I beni pubblici, sono i beni che soddisfano queste due condizioni: non rivalità nel consumo (il mio consumo del bene non diminuisce la disponibilità per gli altri cittadini della collettività); non possibilità di esclusione (non è tecnicamente possibile, o economicamente desiderabile, impedire a qualcuno il godimento di un bene). Tra i beni pubblici e i beni privati di mercato si ha una situazione opposta. Non esiste un mercato dei beni pubblici, non si possono vendere o comprare.

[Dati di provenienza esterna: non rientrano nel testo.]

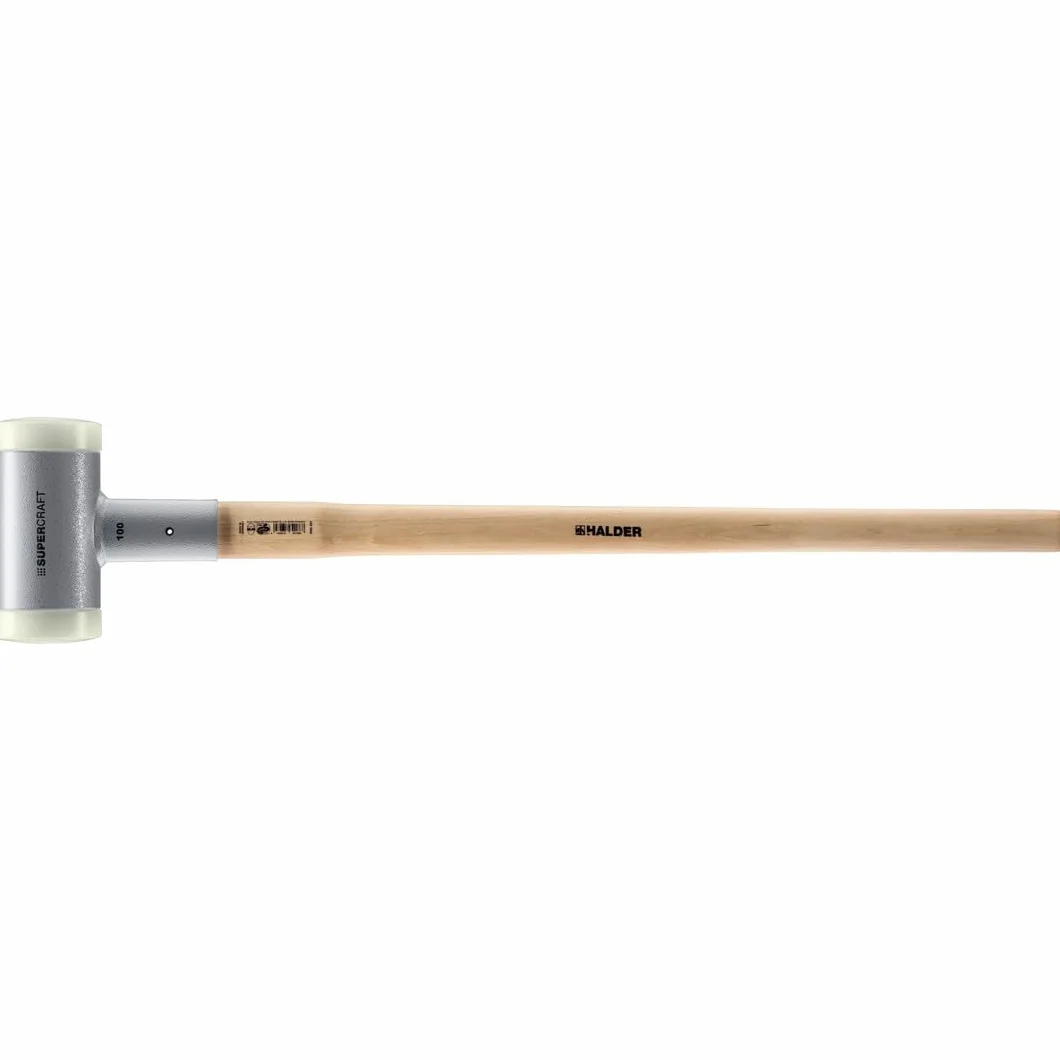 Supercraft młot kowalski, z tłumiącym drgania, ergonomicznie ukształtowanym i lakierowanym trzonkiem hikorowym, śr. = 100 mm/waga = 7050 g | 3366.107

I beni pubblici possono riguardare una collettività nazionale o locale (beni pubblici locali), o parti della società. Qualche esempio: la collettività dei naviganti nel caso del faro per la navigazione, la popolazione di un comune, nel caso di una piazza, dei giardini pubblici. Soprattutto, in questi mesi, emerge il fatto che la sanità è un bene pubblico.
I beni collettivi sono proprietà private a gestione collettiva, riguardano le risorse di una comunità: ad esempio i pascoli, i boschi, le aree di pesca utilizzati da gruppi formati da privati. I beni collettivi sono esposti al rischio dello sfruttamento eccessivo. Le regolazioni dell’uso influiscono sulla possibilità di mantenere o distruggere le risorse collettive. Il premio Nobel 2009 Elinor Ostrom ha evidenziato l’importanza dei beni collettivi ed i positivi risultati in termini di efficienza ed efficacia nel caso di gestione condivisa di risorse naturali comunque private, che possono evitare i problemi quali “la tragedia dei beni comuni”. È appena il caso di ricordare che il dibattito sulla legge n. 168/2017 in materia di domini collettivi ha fatto registrare il tentativo di avvicinare gli usi civici, definiti propriamente beni collettivi, ai beni comuni (Oliverio, 2018).
I beni demaniali dal punto di vista giuridico sono considerati beni pubblici, i beni patrimoniali degli enti pubblici territoriali. La distinzione tra demanio e patrimonio indisponibile degli enti territoriali non è chiara. Tuttavia, possiamo ricordare i seguenti tipi di demanio: marittimo (ad esempio il faro, le spiagge), idrico, militare, ferroviario, stradale, aeronautico. Il patrimonio di un ente pubblico può essere distinto in disponibile, può essere venduto, o indisponibile, non può essere venduto.
Rispetto alle definizioni sopra riportate è opportuno ricordare che: - i beni comuni possono generare sovrapposizioni e confusioni in parte riconducibili alla distorsione del termine commons che rinvia invece a beni collettivi; - i beni demaniali possono essere distinti in demanio naturale, legale, necessario e accidentale, ecc. (codice civile art. 822). Nel caso delle concessioni balneari siamo in presenza di costi pubblici (la difesa delle coste dall’erosione) e dell’utilizzo di privati, con affidamenti reiterati delle concessioni senza gara e con entrate scarse per lo Stato. Oggetto della demanialità possono essere solo i beni immobili. Dunque, in questa classificazione economica non c’è spazio per i beni comuni che sono un costrutto recente del dibattito politico-giuridico italiano.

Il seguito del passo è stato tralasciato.